What you should do —
The required output is the exact text of the lines from the line containing "An einem Autohaus" through the final line below, inclusive, without pictures.

----

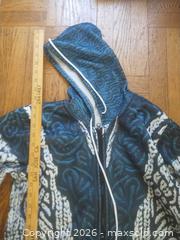 MaxSold Auction: Unisex Full-Zip Cable Knit Print Hoodie, Blue/White/Black, M/Chinese XL - San Mateo (California, USA) SELLER MANAGED Moving Online Auction - Seville Way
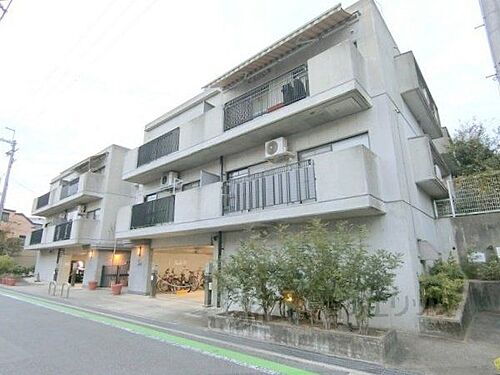 大阪府茨木市南春日丘３丁目 賃貸マンション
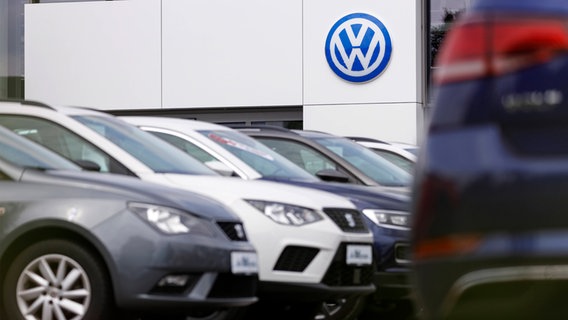 An einem Autohaus prangt das Logo des Volkswagen-Konzerns. © IMAGO / Future Image 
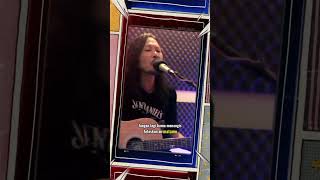 Akustikan Rasa Percaya U9 shorts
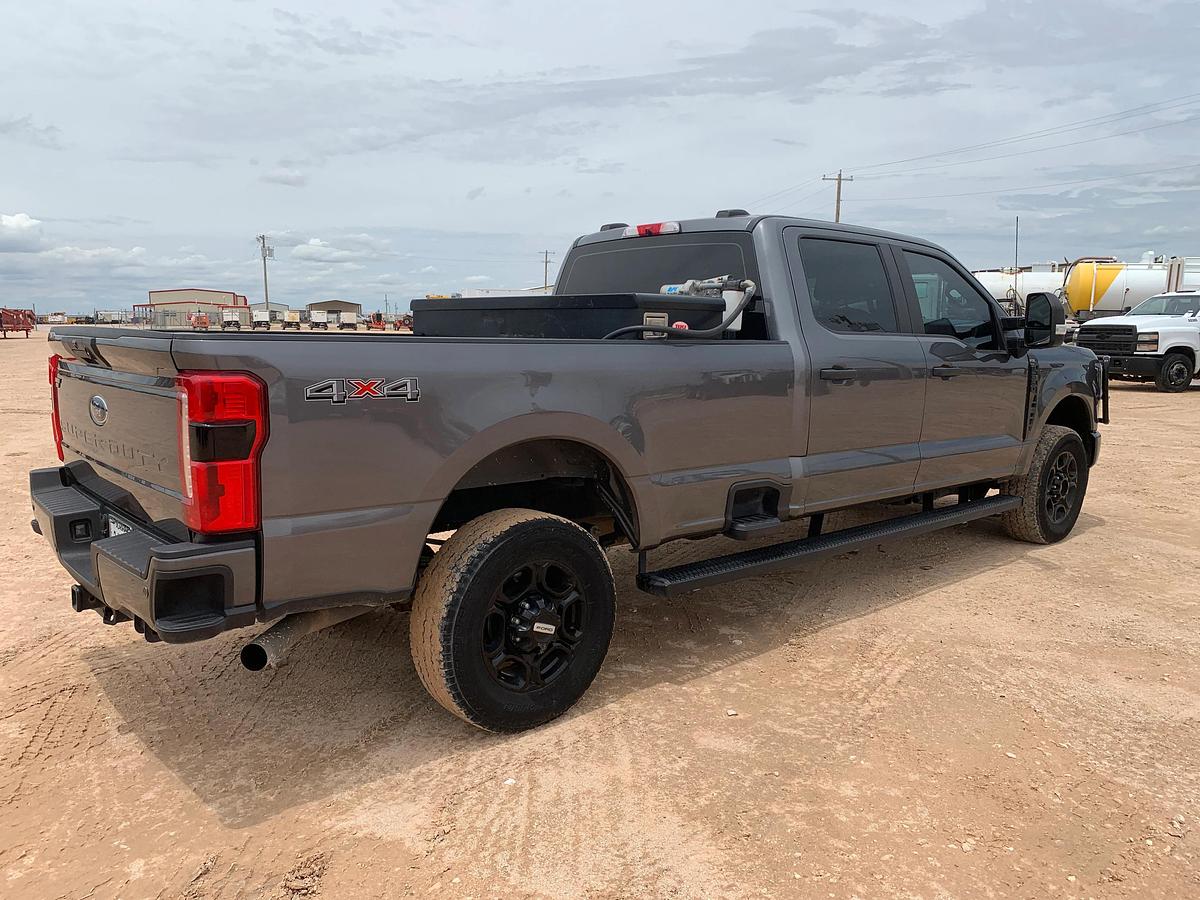 Used 2023 FORD F-250 SUPER DUTY CREW CAB PICKUP TRUCK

----

Your solution —
 An einem Autohaus prangt das Logo des Volkswagen-Konzerns. © IMAGO / Future Image 
 Akustikan Rasa Percaya U9 shorts
 Used 2023 FORD F-250 SUPER DUTY CREW CAB PICKUP TRUCK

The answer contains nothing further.